* Action item *
Go through the data below and count every line that has the word "photo". Return only the count.
------ Material for the task ------
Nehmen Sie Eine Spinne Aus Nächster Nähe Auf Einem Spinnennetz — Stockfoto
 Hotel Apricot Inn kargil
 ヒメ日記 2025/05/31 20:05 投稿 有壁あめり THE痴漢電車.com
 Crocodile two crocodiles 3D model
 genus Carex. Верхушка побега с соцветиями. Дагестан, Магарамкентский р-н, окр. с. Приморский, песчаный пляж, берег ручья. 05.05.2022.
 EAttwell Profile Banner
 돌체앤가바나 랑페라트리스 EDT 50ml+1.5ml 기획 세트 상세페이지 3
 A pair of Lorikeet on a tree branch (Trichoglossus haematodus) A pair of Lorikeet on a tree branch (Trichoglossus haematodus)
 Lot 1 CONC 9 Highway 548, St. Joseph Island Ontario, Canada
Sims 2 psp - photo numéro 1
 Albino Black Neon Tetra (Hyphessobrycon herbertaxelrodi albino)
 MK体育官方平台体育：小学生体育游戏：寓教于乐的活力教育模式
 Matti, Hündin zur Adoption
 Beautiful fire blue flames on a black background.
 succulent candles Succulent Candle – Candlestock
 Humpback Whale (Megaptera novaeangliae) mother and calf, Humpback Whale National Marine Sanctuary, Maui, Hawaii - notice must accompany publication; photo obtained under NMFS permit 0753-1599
------
* Worked solution *
2